The Supreme Court Upholds ADWR’s Determination

The majority based this holding on the fact that ADWR’s legal availability regulation preceded the Arizona Legislature’s adoption of the legal availability requirement. The original adequate water supply statute simply required ADWR to determine whether a proposed development had an adequate water supply, a term that the Legislature did not further define.  ADWR subsequently adopted its regulation specifying that it would evaluate whether the water supply for a proposed development would be “continuously, legally and physically available” for 100 years and narrowly defining “legal” availability to mean that a private water company had secured a CC&N from the Corporation Commission.  Twelve years later, in 2007, the Legislature amended the adequate water supply statute and for the first time incorporated ADWR’s “continuously, legally and physically available” requirement into the statute.  On this basis, the Supreme Court applied the “prior-construction” canon of statutory interpretation to conclude that when the Legislature amended the assured water supply statute in 2007 and incorporated ADWR’s existing regulatory language, it “amended the statute to adopt ADWR’s definition” of adequate water supply, including ADWR’s narrow definition of “legal” availability.

Implications for Future Development in Arizona

Although the Court’s holding is based on a rarely-invoked canon of statutory interpretation, the practical implications of the decision for Arizona could be significant.
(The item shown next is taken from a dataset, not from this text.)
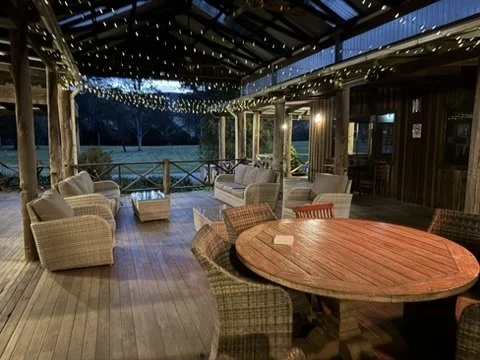 Covered outdoor patio with hanging string lights, wicker chairs, a round wooden table, and a view of a field.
Most immediately, the decision clears the way for the Tribute development to proceed.  More generally, the decision authorizes ADWR to review other proposed developments under its current, narrow definition of “legal” availability.  This may make the adequate water supply process easier and more predictable for other developments similar to Tribute that face conflicting claims based on unquantified federal reserved water rights.
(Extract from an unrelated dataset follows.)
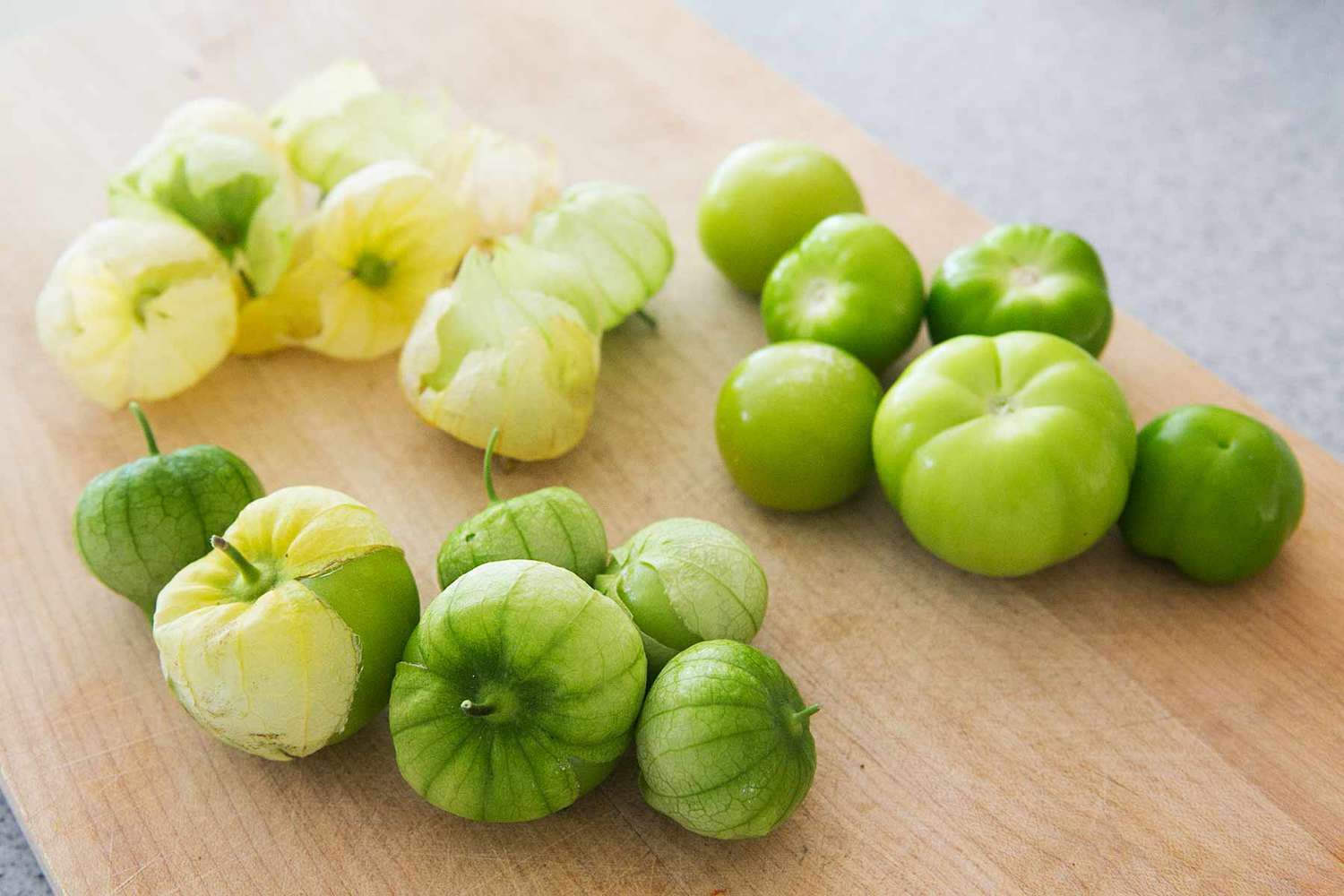 Tomatillos resting on a cutting board and in the process of being peeled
Even more broadly, the Court’s reasoning also may limit the ability of federal reserved water right claimants to use their unquantified claims as a basis for objecting to other types of state-issued water permits and approvals. On this point, the Court reaffirmed a long-standing principle that “ADWR does not have the authority to quantify BLM’s rights; that is the exclusive domain of the Gila Adjudication.”  [Opinion, ¶ 32.]  The Court also noted that it has historically “construe[d] federal reserved water rights narrowly due to their ‘disruptive effect in prior appropriation jurisdictions.’” [Opinion, ¶ 12, quoting In re General Adjudication of All Rights to Use Water in the Gila River System and Source, 231 Ariz. 8, 13 ¶ 16 (2012).]  Further, the Court noted that its prior “caselaw also disfavors consideration of unquantified federal reserved water rights.”  [Opinion, ¶ 33.]  Based on these established standards, the Court “decline[d] Plaintiffs’ implicit invitation to transform ADWR, by judicial fiat, into a forum for anticipatory injunctive relief through regulation based upon unquantified federal reserved water rights.”  [Opinion, ¶ 37.]
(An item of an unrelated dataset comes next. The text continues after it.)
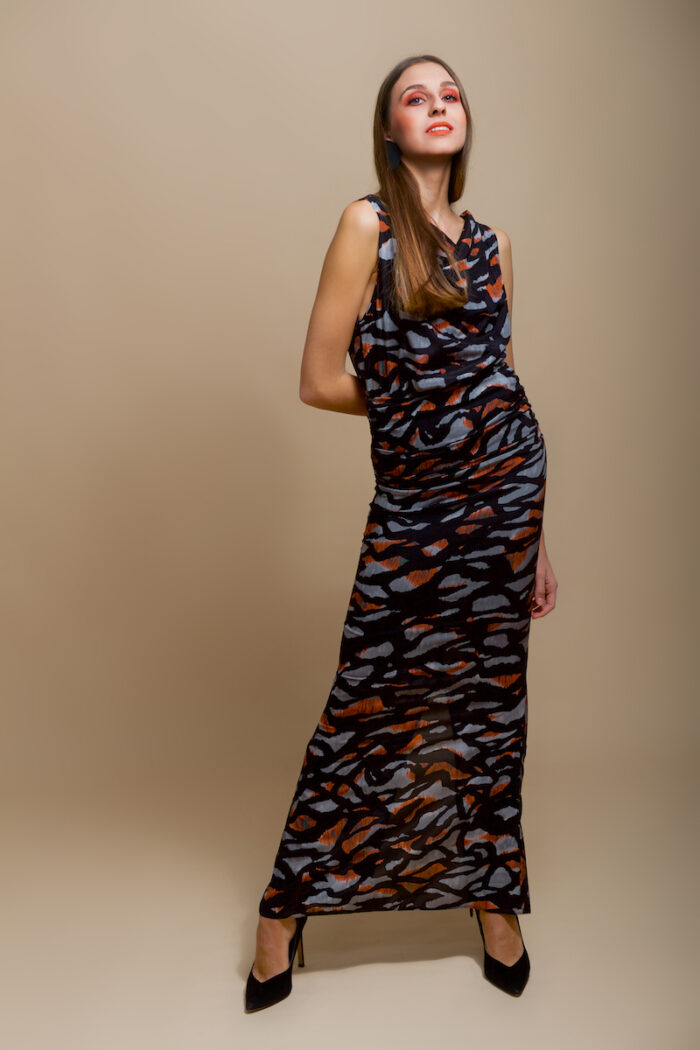 Devojka nosi dugu svilenu MIRNA haljinu tigrastog printa ispred bež pozadine.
In light of these statements by the Court, unquantified federal reserved right claims will not provide a sufficient basis for future objections to state law-based permits and approvals issued by ADWR.  Until federal claims are quantified by the Gila Adjudication court, they will be just that – unquantified claims – and not an effective means of blocking ADWR’s actions under state statutes addressing water management in Arizona.